The first was a reminder about how developers should remember to send patches upstream. Some distros are good about this — Fedora, tip your hat — and some aren’t. The “aren’ts” know who they are, and those who don’t send patches upstream in a timely manner need to get on it. Now.

The second was a comparison of Unity, and to an extent GNOME 3, to the Edsel; comparing those desktop environment releases to how Ford had built up an enormous curiosity around this new “E-car” in 1957 — a car of the future — they were developing amid a shroud of secrecy before revealing to the world, well, the Edsel — which nearly everyone hated once they saw what Ford’s idea for the “future” was.

I wish I could remember the third one. It didn’t get far and it was just kind of ramblin’ — that’s R-A-M-B-L-I-N-apostrophe.

So thank you, Ubuntu SABDFL* Mark Shuttleworth, for your usual pithy observations — right, wrong and ad hominem — made yesterday at the Ubuntu Developers Summit, which will allow me an opportunity to write about something today.

I had planned to give Mark a pass yesterday. Anything I say about Ubuntu or Unity is going to be taken with the grain of salt that a.) the common perception, albeit completely untrue, is that I am incapable of saying anything nice about Ubuntu, and b) another common perception, admittedly somewhat true, is that I hate Unity with the heat of a nova. Until I use something smaller than a laptop — and let’s say for the sake of argument that would be never — I’m not going to need an interface that’s suited for a mobile device on any piece of hardware I use.

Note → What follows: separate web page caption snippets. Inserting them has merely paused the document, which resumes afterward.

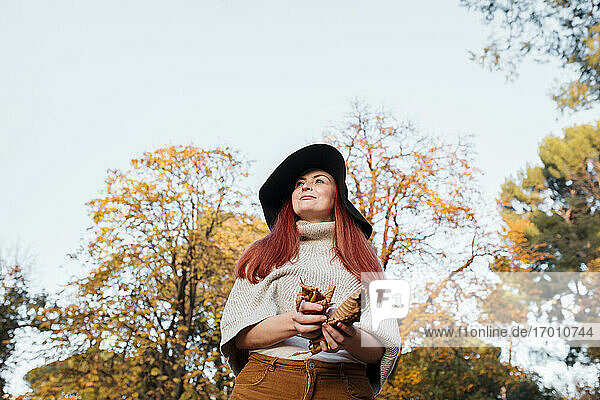 Thoughtful woman wearing hat holding autumn leaves while standing against clear sky in park
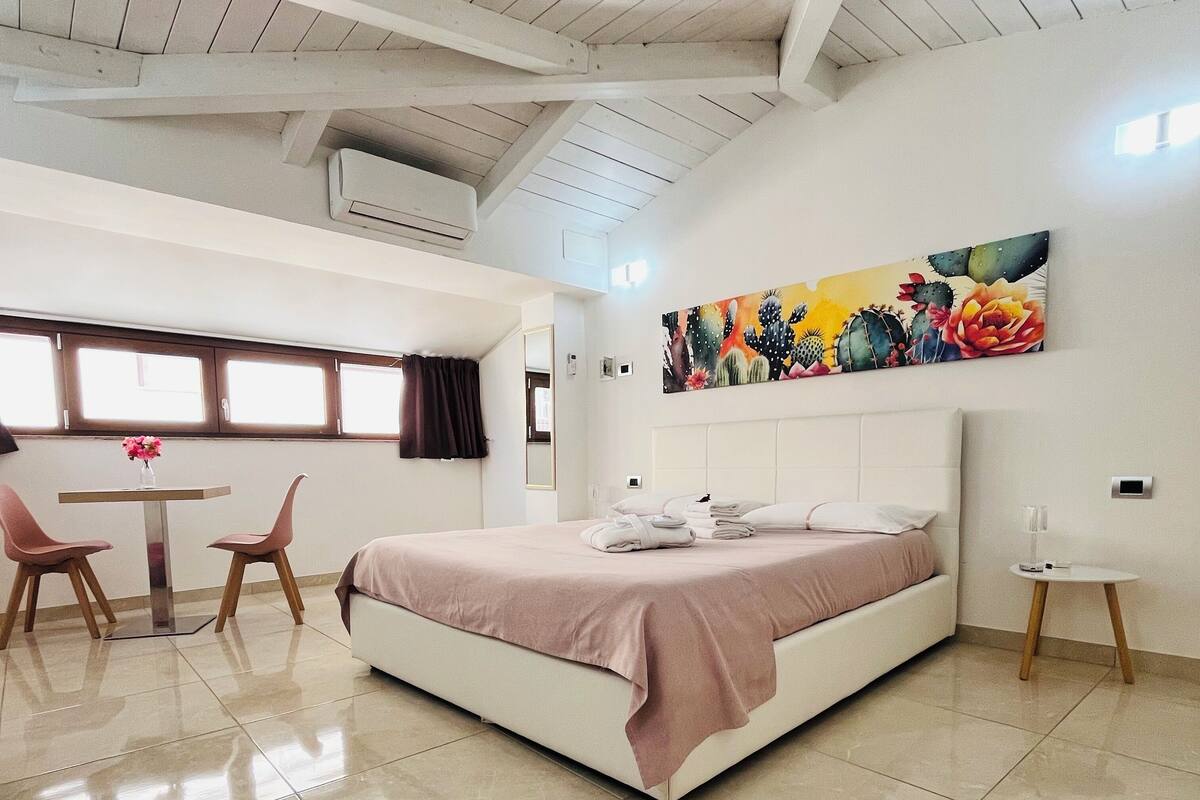 Ein modernes Schlafzimmer mit einem großen Bett, einem kleinen Tisch, zwei Stühlen, einem Fenster und einem Wandbild mit Kakteenmotiven.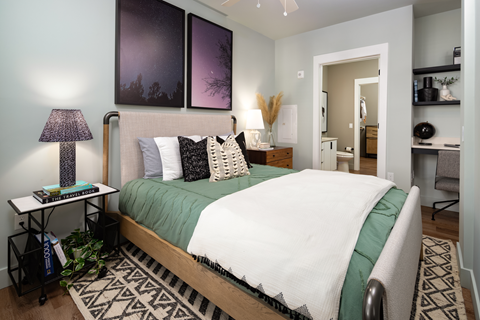 A bedroom with a bed, nightstand, and a lamp.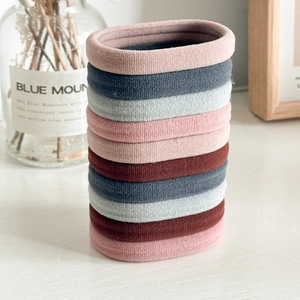 Elastic ribbed hair ties in milk coffee colors stacked with a glass vase backdrop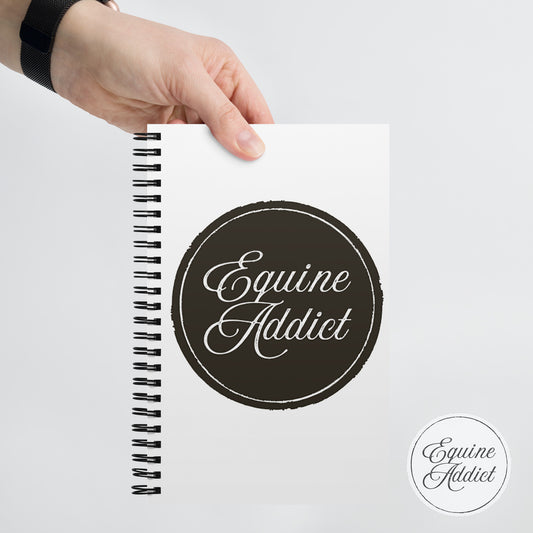 Notebook with 'Equine Addict' branding held by a hand on a light gray background. best notebook for horse girls, white spiral bound journal, horse lovers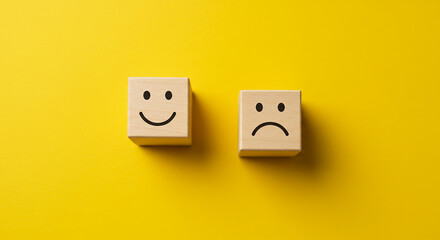 Happy sad emotion blocks isolated on bright yellow surface for customer satisfaction or review symbol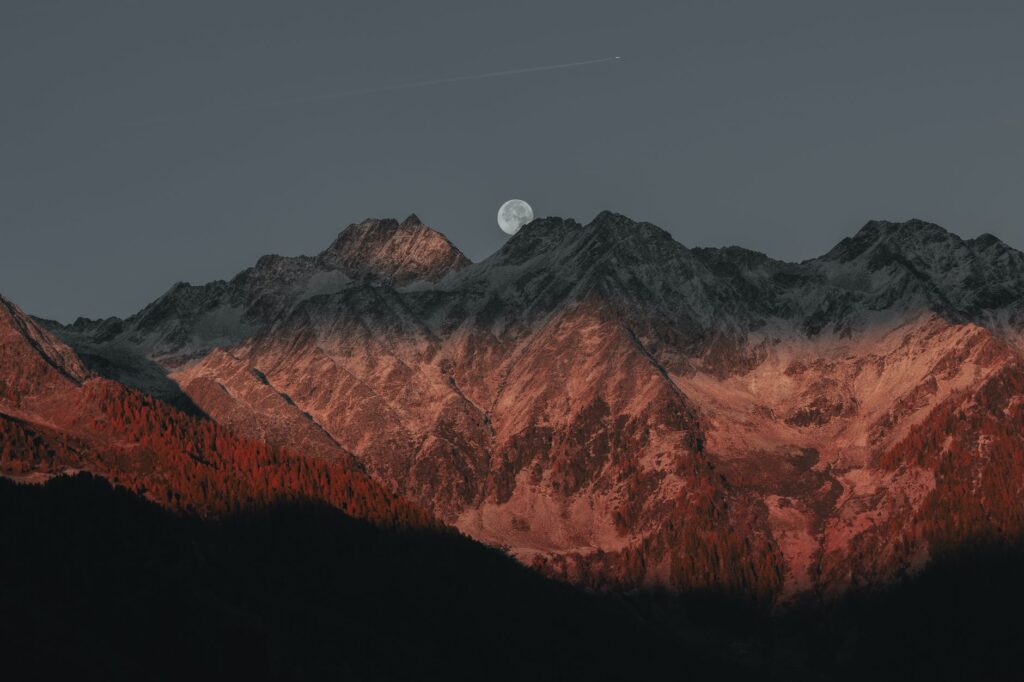 full moon behind mountains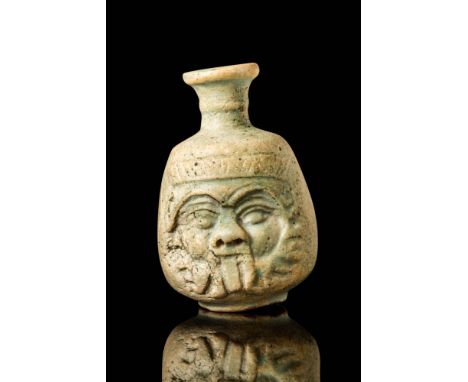 Late Period, Ca. 664 - 332 BC. A faience bottle with a short, funnel-shaped neck and a rounded body decorated with a moulded 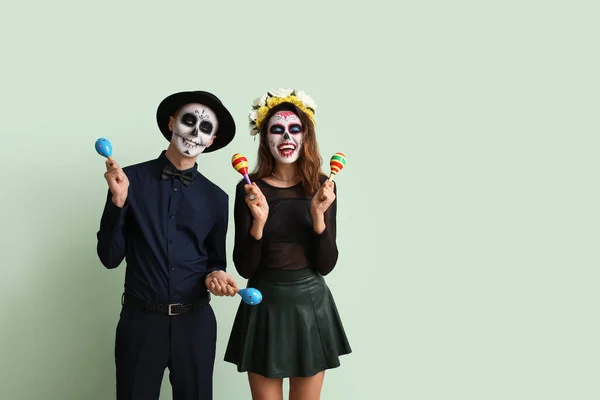 Young Couple Painted Skull Faces Maracas Color Background Celebration Mexico — Stock Photo, Image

There was Mark yesterday in Orlando, doling out some observations in an article by Steven J. Vaughan-Nichols (complete with “Ubuntu Linux” in the headline, remarkably). In it, The Mark points out that Canonical/Ubuntu will be expanding to smartphones, tablets and smart TVs, and that’s where Mark gets it right. Oh, it speaks volumes about why Unity is as it is, and it sounds like a plan that has spread-too-thin written all over it, but far be it from me to be the proverbial wet blanket — go for it, Mark.

However . . .

Mark gets it wrong when he promotes Unity as the one-size-fits-all UI solution across the hardware spectrum. It would be laughable except there are legions of Ubunteros ready to drone on about how this is gospel going forward when simple common sense would dictate otherwise, to say nothing of developers being drawn from a more balanced approach to large-hardware and small-hardware development rather than what seems to be the current course in putting all the proverbial eggs in the small-hardware basket.

But let’s go to the subtext here, shall we? There’s a grave philosophical misconception gaining traction over the last couple of years that goes something like this: People are using smart phones and tablets more, so let’s forsake the desktop and laptop and embrace smaller hardware. I think this they call this the “Post-PC era,” or some other remarkable cliche. The fact of the matter is that the advent of smaller hardware ushers in a “PC-plus era,” where you use your personal computer AND something smaller and portable in tandem with it.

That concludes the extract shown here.